---------- Given material

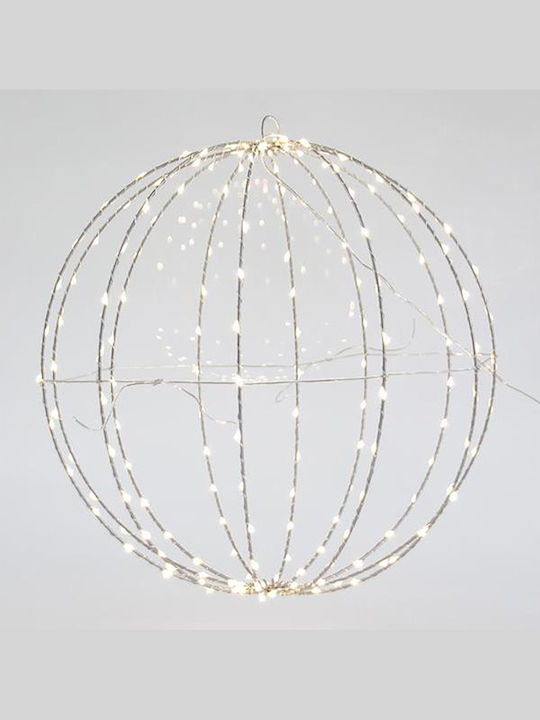 Eurolamp Φωτιζόμενη Χριστουγεννιάτικη Πλαστική Φιγούρα Μπάλα Λευκή 20x20x20εκ.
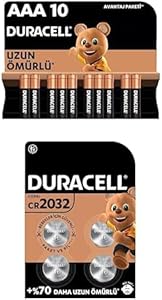 Duracell Alkalin AAA İnce Kalem Piller, 1,5 V LR03/MN2400, 10’lu Paket + Duracell Özel 2032 Lityum Düğme Pil 3 V, (CR2032) 4’lü Paket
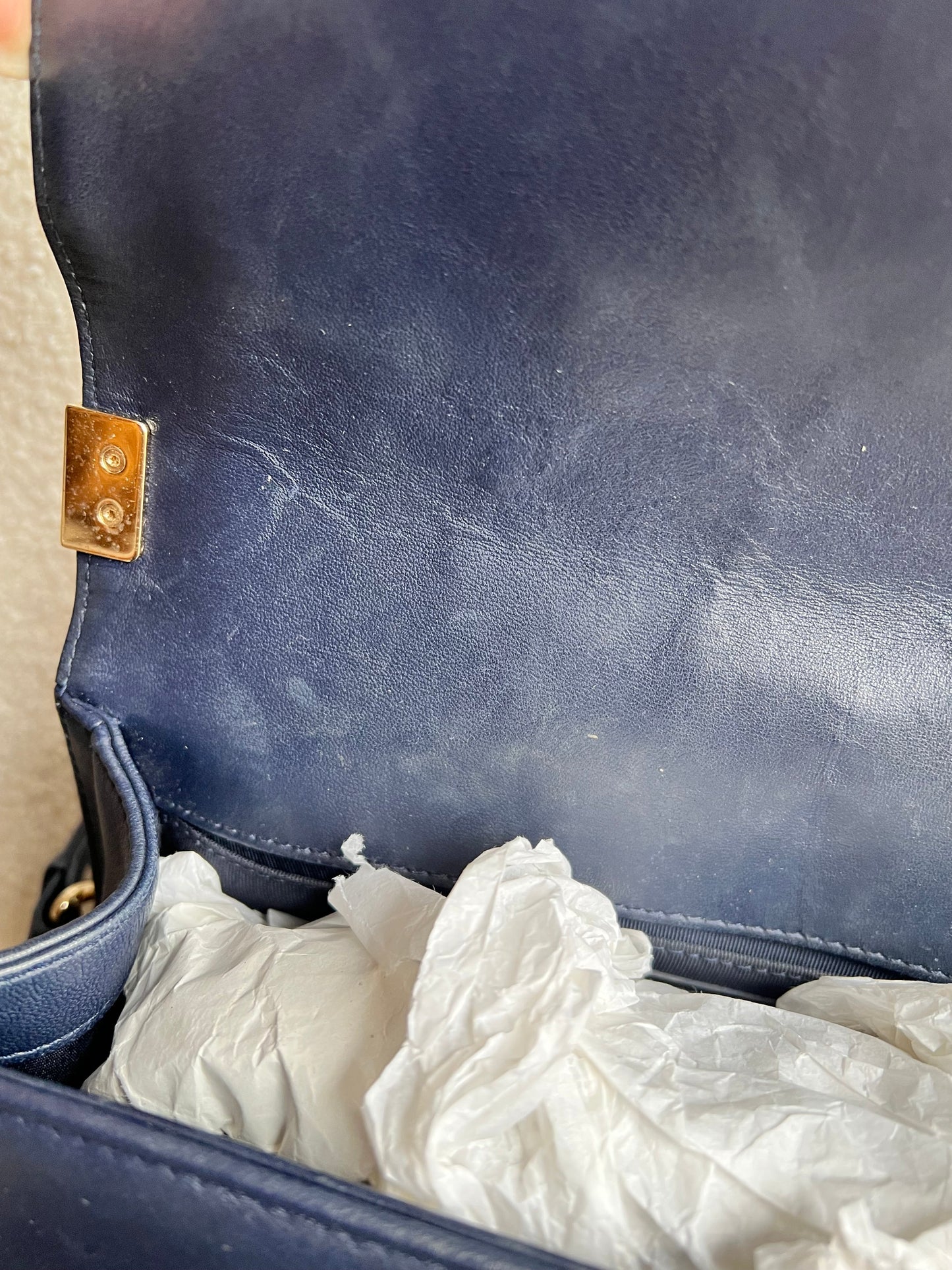 Chanel Navy Blue Lambskin Medium Boy Bag (RRP £5800)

--------------------

■ Task to complete: Retype, word for word, the line containing "Duracell Alkalin AAA" and each line after it through the end of the data, leaving any picture out.

■ Response box:
 Duracell Alkalin AAA İnce Kalem Piller, 1,5 V LR03/MN2400, 10’lu Paket + Duracell Özel 2032 Lityum Düğme Pil 3 V, (CR2032) 4’lü Paket
 Chanel Navy Blue Lambskin Medium Boy Bag (RRP £5800)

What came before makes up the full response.